Good leaders are self-aware. These strategies will help you address a demographic talent management problem you have, and they will also help you lead women and men of all demographics more consciously and more effectively.

Do You Have Bad Boss Syndrome?

One of the most common fears today of many managers is the fear of loss of control.  It generally stems from the fear that many managers believe that someone below them will out perform and “take their job away.”  For this reason, most managers feel like they have to control everything, push every button, prop every employee up – if the employee doesn’t need the manager, then the boss will think he doesn’t need this manager either.  However, I have seen several situations where individual managers did not get promoted because they had no one below them to take their place, and this is often a common mistake that many managers make – they don’t train their own replacements so they cannot be promoted.

Despite what many think and will say, today’s work force wants and needs a voice in the organization.  For this reason, the most popular method is being a participative manager, slowly empowering your employees to think for themselves, and be responsible for their work and for their actions.  Participative managers involve their employees with input into problem solving, decision making and continuous improvement projects.  Today’s managers still have to get tasks completed, but soliciting the help from their workforce helps accomplish with more reliability and efficiency.   Forget about being the dictator or tyrant, be the coach – you’ll find out that a happy work force is a more productive workforce.

I share this article with you from a Mr.
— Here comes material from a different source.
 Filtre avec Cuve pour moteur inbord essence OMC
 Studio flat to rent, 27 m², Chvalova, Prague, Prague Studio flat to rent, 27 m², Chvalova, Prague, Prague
Joel Garfinkle, from smartblogs.com/leadership

Do you have BBS (Bad Boss Syndrome)?

By Joel Garfinkle on April 15th, 2013

Do your employees stop talking and look uncomfortable when you walk into the coffee room? Does everyone but you go out for drinks after work? Is your boss checking up on you more frequently than usual? Do your projects seem to be stuck in quicksand?

If you answered “yes” to any of these questions, you may have (horrors!) Bad Boss Syndrome. But relax, the condition is curable. Let’s look at some of the characteristics of a good boss and see how you might be able to reverse the trend in just a few short steps.

  1. A good boss praises in public. A job well done deserves to be recognized. Employees will knock themselves out for a boss who gives them kudos in staff meetings. They’ll crawl through broken glass for a boss who tells his boss how great they are.
  1. A good boss critiques in private. Never single anyone out for criticism in a group. Schedule a one-on-one and share responsibility for the breakdown. “How could we have done this better?” is a great way to start.
  1. A good boss acts like a peer. A lot of bosses can’t get out of their egos. They flaunt their power, act like they’re above it all, and remain emotionally distant from the rank and file. That kind of behavior diminishes you as a leader. It makes you seem small, and keeps you from connecting with your people. Adopt a “we’re all in this together” mentality.
  1. A good boss will do whatever it takes. Your subordinates need to know you’ve got their back, no matter what. If a client threatens to leave, you’re there to help save the day. If the team’s high-profile project is about to implode, you help them come up with a plan to save it. If your department is suddenly told to cut 20% from the budget, you take a haircut along with everyone else.
  1. A good boss shares her story. Your subordinates need and want to learn from you. You’re part coach, part mentor, but all human. They need to hear about your failures as well as your successes, and what you’ve learned from both.
  1. A good boss delegates responsibility. You hear a lot about “the art of effective delegation.” Often, that just means pushing some of the tasks you’re too busy to do down the ladder a rung or two. Instead, give your people responsibility for significant projects and hold them accountable for results.
  1. A good boss lets the stars shine. The quickest way to move up the ladder yourself is to make sure you’re developing the people who are coming along behind you. Encourage people to develop their strengths, whether through training or experience or both. Show them the path ahead. Give them big-picture input, so that they understand the company as a whole, not just their piece of it.
  1. A good boss is a cheerleader for the team. Steve Jobs told the first Macintosh design team that they were there “to make a dent in the universe.” And indeed they did. Your team players need to feel they are on a mission and that you will champion their cause until they make a dent in your universe.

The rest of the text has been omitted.